I held my left arm toward her, pulling back the sleeve of my blazer. “Emma bought me a different Rolex. An Explorer. Like Sir Edmund Hillary. So I’d learn to climb high.”
Darya had a watch on her left wrist, so she fastened the oyster bracelet of the GMT on her right, then stared at the crystal. “Merci, merci beaucoup.”
Feeling as though I had closed some meaningful circle and made my grandmother, wherever she was, happy beyond measure, I replied, “Pas de problème.”
* * *
In the taxi from the airport, I was blindsided by a feeling of loss, remembering my trip to Nice with Yuli.
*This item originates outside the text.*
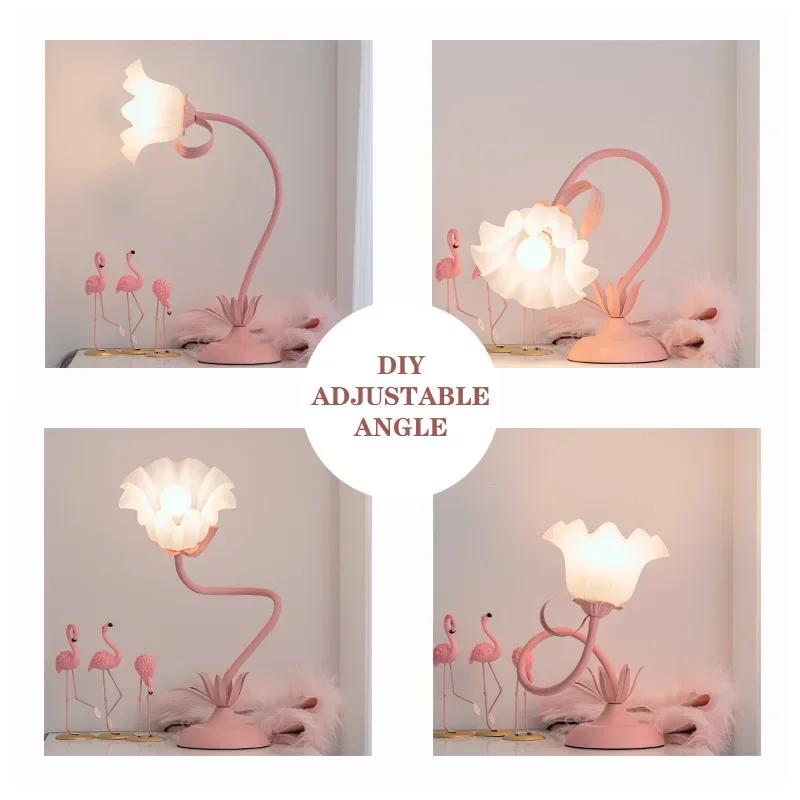 DurableBedside Night Light Explosion Pastoral Flower Romantic Bedroom Princess Room Desk Decoration Atmosphere 5W Three-color Li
It got worse when Darya and I stored our bags with the concierge at the Hôtel Ruhl, and the memories of that first afternoon Yuli and I had made love floated behind my eyes, as sharp and clear as the Mediterranean light.
“Coffee first?” Darya asked as we walked up the Promenade des Anglais.
“Sure. I have to call Sister Bernadette. Would you order me an espresso?”
She sat on a terrace of a café in the Cours Saleya while I went in to use the phone. When I came out, Darya was drinking a cappuccino and watching the shoppers in the open-air market.